Opponents of voter ID and other commonsense election integrity reforms enacted by Wisconsin’s Republican-led Legislature didn’t fare well in federal court last week.
A skeptical Seventh Circuit panel was “harshly critical of a federal judge’s finding that Wisconsin’s voter ID law discriminates against black voters” and found “little direct evidence to support ruling the law unconstitutional.”
At oral arguments Friday morning, a Seventh Circuit panel asked virtually no questions of Wisconsin Chief Deputy Solicitor General Ryan Walsh, who argued that the state provides its citizens with the “most generous, voter-friendly system in the nation.”
But U.S. Circuit Judge Frank Easterbrook grilled plaintiff One Wisconsin’s attorney Bruce Spiva.

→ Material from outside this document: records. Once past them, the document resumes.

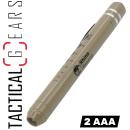 RHINO RESCUE REUSABLE LED PENLIGHT DIAGNOSTIKLEUCHTE COYOTE
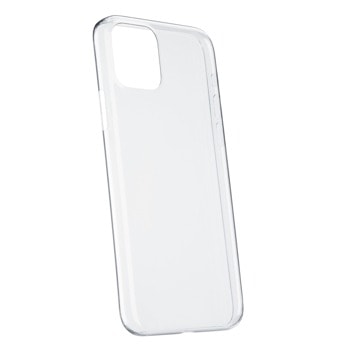 Калъф за Apple iPhone 12 Pro Max, Cellularline Zero, ултратънък, съвместим с MagSafe, прозрачен image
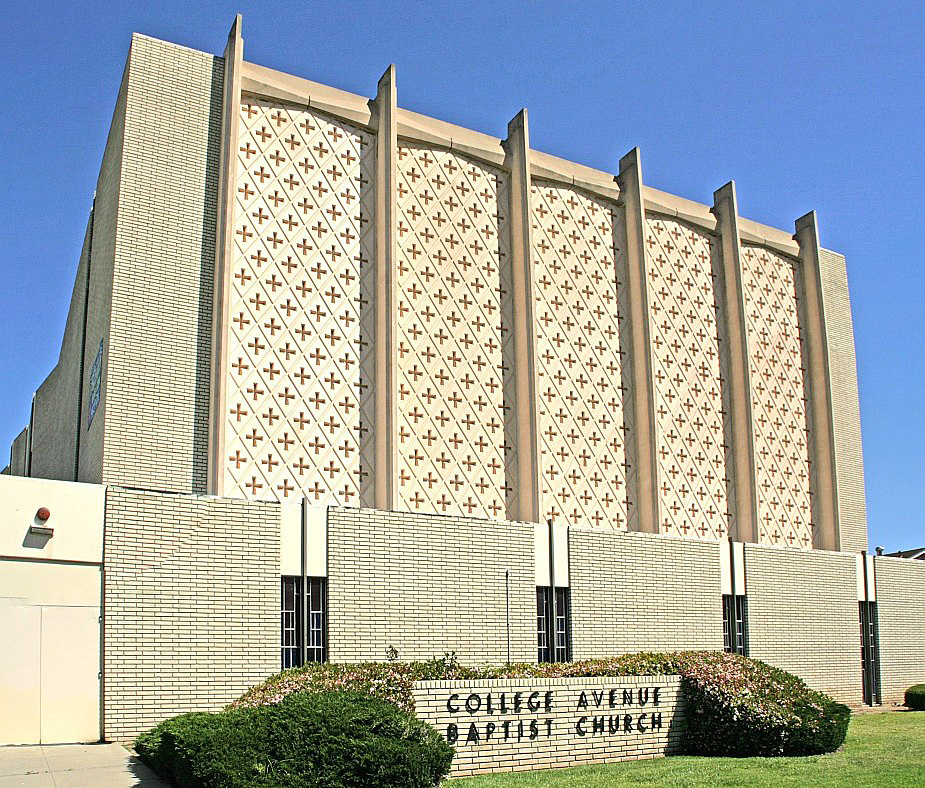 San Diego Area MidCentury Modern Churches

“The Supreme Court has said that knowledge of disparate impact does not prove discriminatory intent,” Easterbrook said, expressing his doubt that the nonprofit carried its burden of proof.
Arguments against the state’s early voting rules didn’t go over any better with the panel.
[Easterbrook] said those challenging Wisconsin’s voting laws were contending that Democrats can expand voting rules to help their party at the polls but Republicans can’t tighten them to their advantage.
“That can’t be right,” he said during arguments in a pair of Wisconsin cases.
His colleagues on the panel — Judges Michael Kanne and Diane Sykes — showed they had just as many doubts about lower court rulings that struck down voting rules set by GOP Gov. Scott Walker and Republican lawmakers.